[Goal of the exercise] What you write should match, word for word, the lines from the one containing "В Праге снесли памятник маршалу Коневу" through the end of the data, with no pictures.

##### Supplied information #####

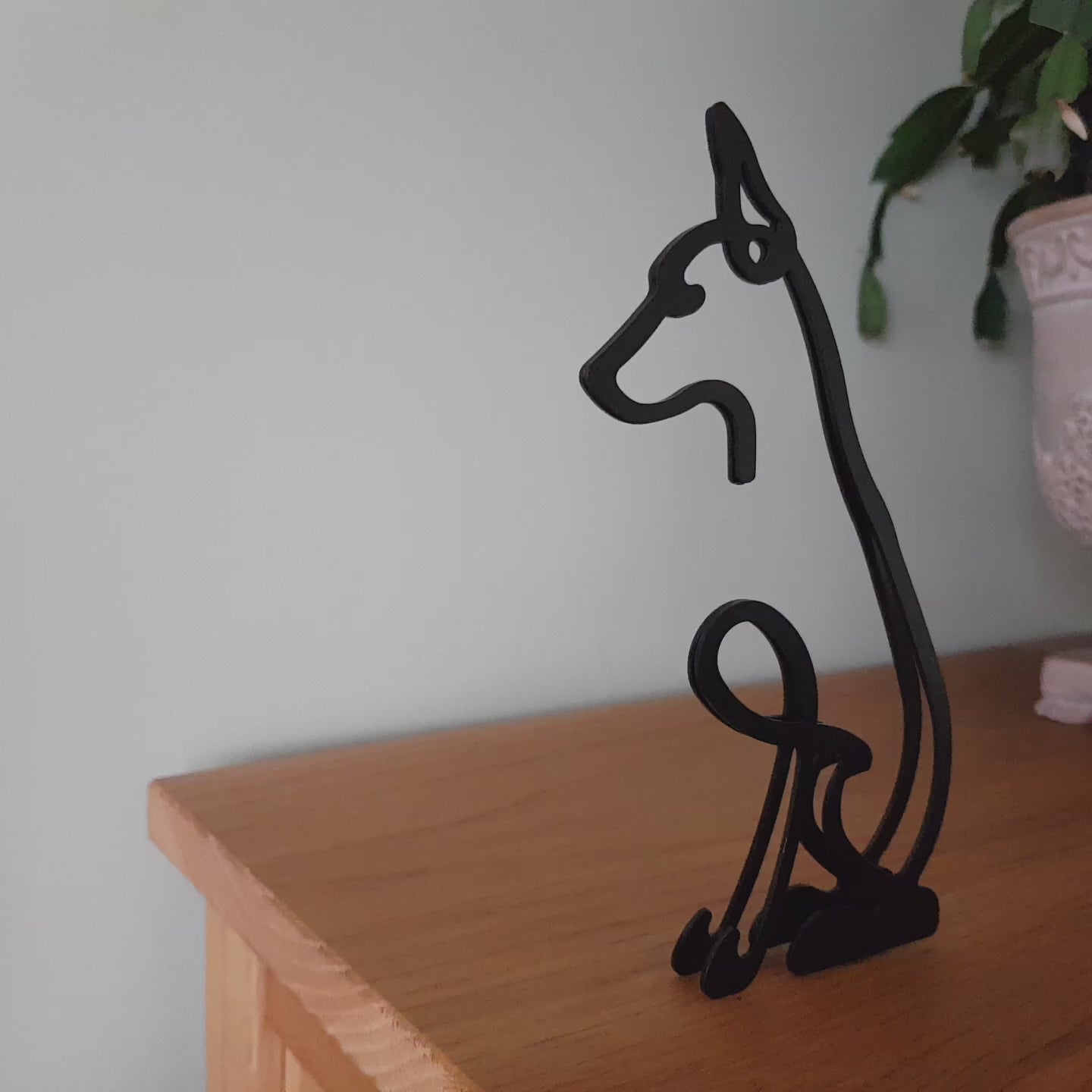 doberman dog statue product video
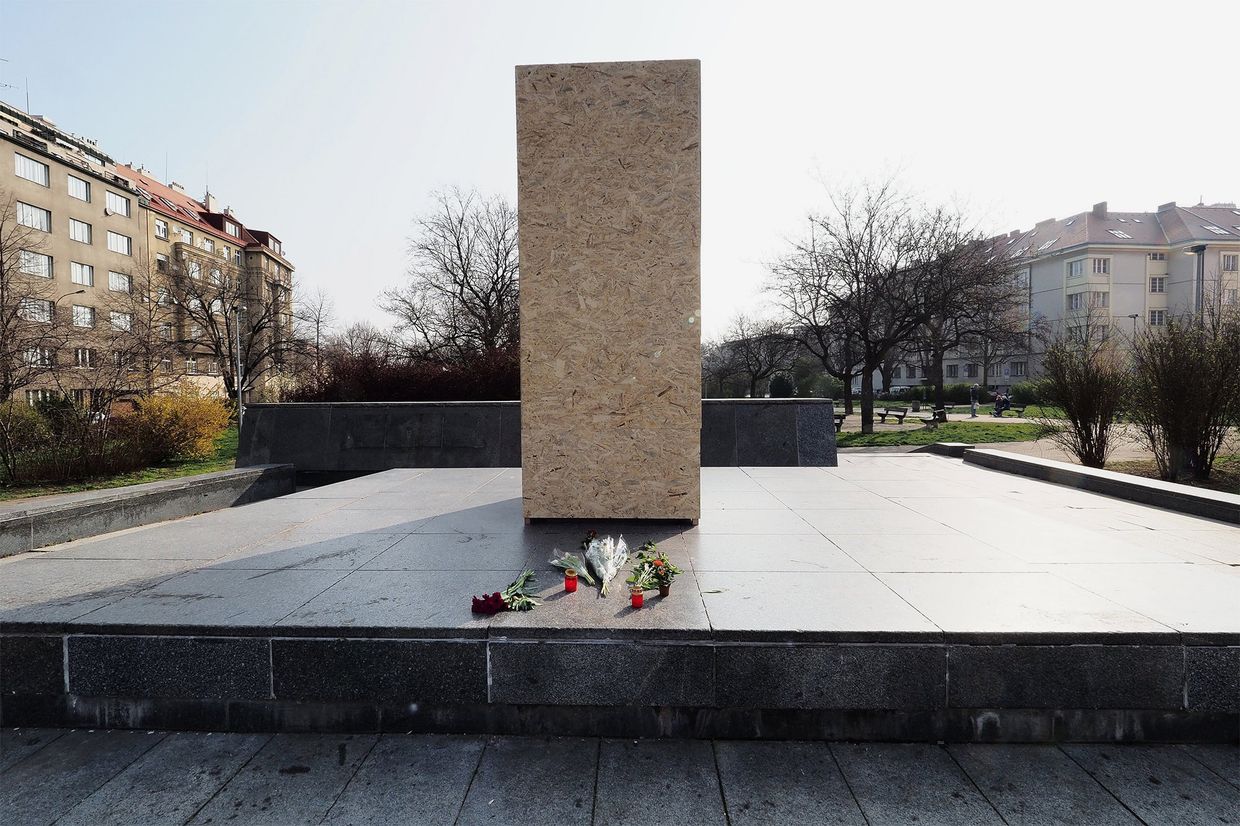В Праге снесли памятник маршалу Коневу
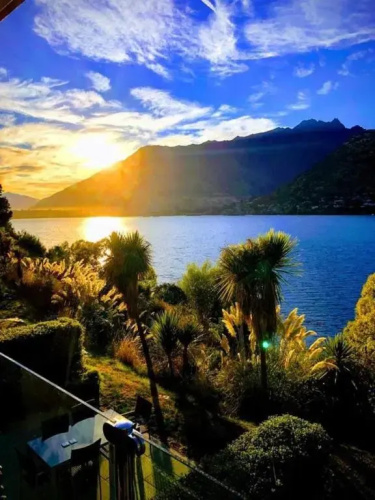 Luxury Lakeside Studio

#####

[Exercise result]
В Праге снесли памятник маршалу Коневу
 Luxury Lakeside Studio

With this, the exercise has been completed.